Once model is defined, and before we start with training, we need to the configure learning process. Again Keras implements "hard part" for us, so method compile is used for configuration of the learning process. Method receives 3 arguments:

optimizer
loss function
list of the metrics

Let's see few examples:

 # For a multi-class classification problem
model.compile(optimizer='rmsprop',
              loss='categorical_crossentropy',
              metrics=['accuracy'])

# For a binary classification problem
model.compile(optimizer='rmsprop',
              loss='binary_crossentropy',
              metrics=['accuracy'])

# For a mean squared error regression problem
model.compile(optimizer='rmsprop',
              loss='mse')

Optimizers

During the training process, we tweak model parameters(weights) and trying to minimize that loss function, in order to make predictions as accurate as it is possible.

The optimizers are responisible(together with loss function) to update model parameters.

You can think of a hiker trying to get down a mountain with a blindfold on. It’s impossible to know which direction to go in, but there’s one thing she can know: if she’s going down (making progress) or going up (losing progress). Eventually, if she keeps taking steps that lead her downwards, she’ll reach the base.

Similarly, it’s impossible to know what your model’s weights should be right from the start. But with some trial and error based on the loss function (whether the hiker is descending), you can end up getting there eventually.

ToDo

Again Keras implements optimizers, like from most Stochastic Gradient Descent, RMSProp, Adam, etc. When using and optimizer, we should define parameters like learning rate, momentum etc.

You can find details about the optimizers at link.

In choosing an optimizer it is important to consider is the network depth, the type of layers and the type of data.

You are free to experiment, but as a hint consider SGD for shallow networks, and either Adam or RMSProp for deepnets.

Loss functions

Loss function is simple method used during training in order to see how well our neural networks models dataset.

If your predictions are totally off, your loss function will output a higher number. If prediction is pretty good, loss function will output a lower number. As you change pieces of your algorithm to try and improve your model, your loss function will tell you if you’re getting anywhere.

Keras implements loss functions like mean_squared_error, mean_absolute_error, binary_crossentropy, categorical_crossentropy etc. Details are described here.

Below is a table where you can find a hints how to choose loss and last layer activaton functions.
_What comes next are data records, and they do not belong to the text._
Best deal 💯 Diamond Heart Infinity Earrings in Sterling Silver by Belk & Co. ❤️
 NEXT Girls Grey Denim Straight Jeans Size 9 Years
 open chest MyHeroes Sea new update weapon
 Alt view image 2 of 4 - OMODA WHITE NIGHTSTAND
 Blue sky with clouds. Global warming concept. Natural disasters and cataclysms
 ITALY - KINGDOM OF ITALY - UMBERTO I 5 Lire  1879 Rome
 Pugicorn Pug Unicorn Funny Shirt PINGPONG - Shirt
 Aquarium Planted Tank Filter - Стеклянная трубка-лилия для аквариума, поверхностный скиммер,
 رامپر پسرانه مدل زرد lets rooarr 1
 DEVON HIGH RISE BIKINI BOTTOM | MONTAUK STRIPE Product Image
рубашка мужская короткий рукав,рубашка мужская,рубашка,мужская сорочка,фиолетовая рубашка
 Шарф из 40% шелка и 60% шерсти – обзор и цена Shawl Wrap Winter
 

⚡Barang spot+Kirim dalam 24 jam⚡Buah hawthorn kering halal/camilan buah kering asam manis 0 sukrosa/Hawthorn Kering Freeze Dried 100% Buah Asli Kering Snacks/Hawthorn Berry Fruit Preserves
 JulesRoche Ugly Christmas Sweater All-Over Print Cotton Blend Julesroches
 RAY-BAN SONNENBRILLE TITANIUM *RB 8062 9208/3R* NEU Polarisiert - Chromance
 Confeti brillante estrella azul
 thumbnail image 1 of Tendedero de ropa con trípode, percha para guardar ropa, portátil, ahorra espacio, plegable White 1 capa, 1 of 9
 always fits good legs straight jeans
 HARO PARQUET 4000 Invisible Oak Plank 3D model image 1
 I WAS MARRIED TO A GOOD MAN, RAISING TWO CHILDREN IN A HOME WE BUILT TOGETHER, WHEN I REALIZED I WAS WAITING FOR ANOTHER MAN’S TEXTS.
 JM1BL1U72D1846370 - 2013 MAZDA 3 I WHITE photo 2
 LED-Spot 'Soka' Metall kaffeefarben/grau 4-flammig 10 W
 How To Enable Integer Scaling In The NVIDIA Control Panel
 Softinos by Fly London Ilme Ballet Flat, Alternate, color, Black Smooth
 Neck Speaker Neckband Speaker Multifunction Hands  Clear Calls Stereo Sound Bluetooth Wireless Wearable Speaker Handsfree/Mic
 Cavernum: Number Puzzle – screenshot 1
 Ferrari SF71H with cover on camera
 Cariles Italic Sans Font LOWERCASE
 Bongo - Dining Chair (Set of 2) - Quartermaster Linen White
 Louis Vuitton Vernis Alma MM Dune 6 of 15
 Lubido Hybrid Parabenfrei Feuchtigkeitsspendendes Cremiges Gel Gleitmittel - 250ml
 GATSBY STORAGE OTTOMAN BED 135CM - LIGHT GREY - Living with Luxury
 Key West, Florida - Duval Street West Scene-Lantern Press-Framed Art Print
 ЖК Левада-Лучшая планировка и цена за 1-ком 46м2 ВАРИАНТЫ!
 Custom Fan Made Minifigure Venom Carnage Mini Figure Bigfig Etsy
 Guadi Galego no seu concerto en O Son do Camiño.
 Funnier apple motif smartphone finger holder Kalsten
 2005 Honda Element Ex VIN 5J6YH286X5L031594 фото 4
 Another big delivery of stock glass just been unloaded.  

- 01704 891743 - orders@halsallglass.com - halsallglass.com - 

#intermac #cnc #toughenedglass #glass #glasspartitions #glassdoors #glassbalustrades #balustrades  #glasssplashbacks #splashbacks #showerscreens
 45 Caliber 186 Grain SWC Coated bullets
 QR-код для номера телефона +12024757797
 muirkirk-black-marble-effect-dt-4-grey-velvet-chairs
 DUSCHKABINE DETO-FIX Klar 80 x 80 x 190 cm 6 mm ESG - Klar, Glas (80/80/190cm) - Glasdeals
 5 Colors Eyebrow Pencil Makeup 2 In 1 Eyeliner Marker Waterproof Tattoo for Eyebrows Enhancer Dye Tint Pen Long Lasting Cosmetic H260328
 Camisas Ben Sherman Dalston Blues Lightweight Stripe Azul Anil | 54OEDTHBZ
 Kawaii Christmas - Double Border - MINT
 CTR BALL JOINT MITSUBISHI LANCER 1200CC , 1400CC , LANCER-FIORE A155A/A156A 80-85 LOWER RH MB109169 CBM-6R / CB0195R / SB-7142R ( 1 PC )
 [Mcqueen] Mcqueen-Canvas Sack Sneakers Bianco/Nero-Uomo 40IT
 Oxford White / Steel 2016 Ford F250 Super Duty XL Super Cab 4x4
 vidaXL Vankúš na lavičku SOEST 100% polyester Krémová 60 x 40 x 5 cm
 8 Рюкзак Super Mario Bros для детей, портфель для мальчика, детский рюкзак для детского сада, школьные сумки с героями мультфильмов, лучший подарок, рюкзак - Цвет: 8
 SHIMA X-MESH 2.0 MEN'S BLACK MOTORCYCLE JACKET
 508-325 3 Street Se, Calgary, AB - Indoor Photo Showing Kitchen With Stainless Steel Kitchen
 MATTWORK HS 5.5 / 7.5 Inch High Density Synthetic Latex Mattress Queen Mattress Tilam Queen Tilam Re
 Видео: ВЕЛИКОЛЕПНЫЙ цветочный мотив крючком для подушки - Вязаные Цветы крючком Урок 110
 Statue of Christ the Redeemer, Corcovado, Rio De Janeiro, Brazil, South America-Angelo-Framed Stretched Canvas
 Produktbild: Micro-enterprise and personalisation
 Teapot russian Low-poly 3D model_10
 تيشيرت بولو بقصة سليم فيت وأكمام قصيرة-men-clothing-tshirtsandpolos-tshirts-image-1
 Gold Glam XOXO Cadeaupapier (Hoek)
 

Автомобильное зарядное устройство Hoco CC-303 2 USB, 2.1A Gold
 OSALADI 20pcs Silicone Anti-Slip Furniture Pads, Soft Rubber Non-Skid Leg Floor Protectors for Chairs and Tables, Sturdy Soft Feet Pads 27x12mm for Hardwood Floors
Problem	Last layer activation	Loss	Example
Binary classification	sigmoid	binary_crossentropy	dog vs cat
Multi-class, single-label classification	sigmoid	categorical_crossentropy	MNIST(10 labels) dog vs cat
Multi-class, multi-label classification	sigmoid	binary_crossentropy	News tags classification
Regression to arbitrary values	none	mse	house price
Regression to values between 0 and 1	sigmoid	mse	0 is broken, 1 is new

Training

Model training is executed using fit function.

Once the model is compiled, it can be fit, meaning adapt the weights on a training dataset.

Fitting the model requires the training data to be specified. The model is trained using the backpropagation algorithm and optimized according to the optimization algorithm and loss function specified when compiling the model.

The backpropagation algorithm requires that the network be trained for a specified number of epochs or exposures to the training dataset.

Each epoch can be partitioned into groups of input-output pattern pairs called batches. This define the number of patterns that the network is exposed to before the weights are updated within an epoch. It is also an efficiency optimization, ensuring that not too many input patterns are loaded into memory at a time.

A minimal example of fitting a network is:

model.fit(X, Y, batch_size = 1, epochs = 500)

Evaluate

Once the model is trained, it can be evaluated.

The model can be evaluated on the training data, but this will not provide a useful indication of the performance of the network as a predictive model, as it has seen all of this data before.

We can evaluate the performance of the network on a separate dataset, unseen during testing. This will provide an estimate of the performance of the network at making predictions for unseen data in the future.

The model evaluates the loss across all of the test patterns, as well as any other metrics specified when the model was compiled, like classification accuracy. A list of evaluation metrics is returned.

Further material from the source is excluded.